**Exercise prompt:**
The output should contain the listing word for word and no pictures.

**Data shown:**
★ ★ ★ ★ ★
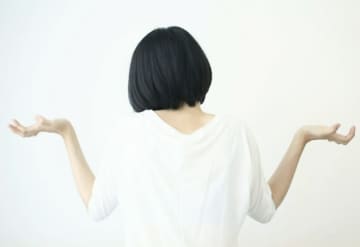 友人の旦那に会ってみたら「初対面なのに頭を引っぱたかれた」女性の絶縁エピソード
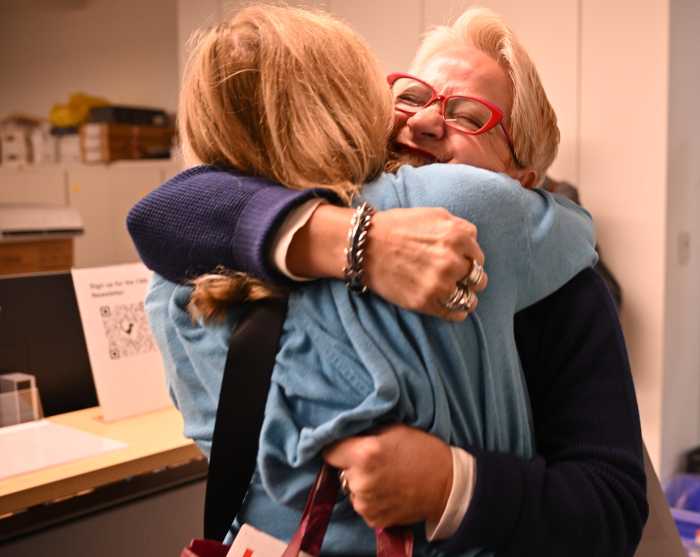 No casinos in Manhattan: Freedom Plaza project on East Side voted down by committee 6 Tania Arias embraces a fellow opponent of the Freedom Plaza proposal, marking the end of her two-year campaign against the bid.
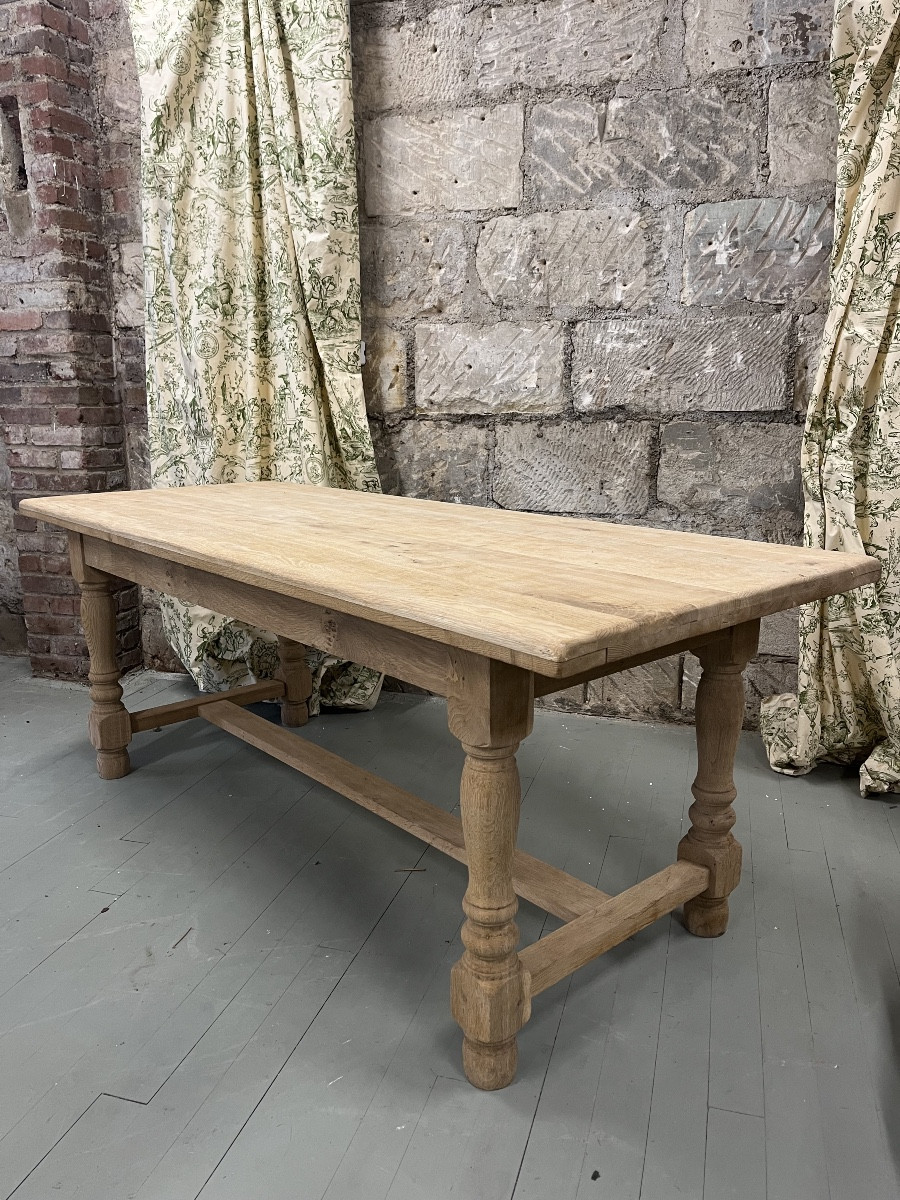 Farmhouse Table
★ ★ ★ ★ ★
**Written solution:**
 友人の旦那に会ってみたら「初対面なのに頭を引っぱたかれた」女性の絶縁エピソード
 No casinos in Manhattan: Freedom Plaza project on East Side voted down by committee 6 Tania Arias embraces a fellow opponent of the Freedom Plaza proposal, marking the end of her two-year campaign against the bid.
 Farmhouse Table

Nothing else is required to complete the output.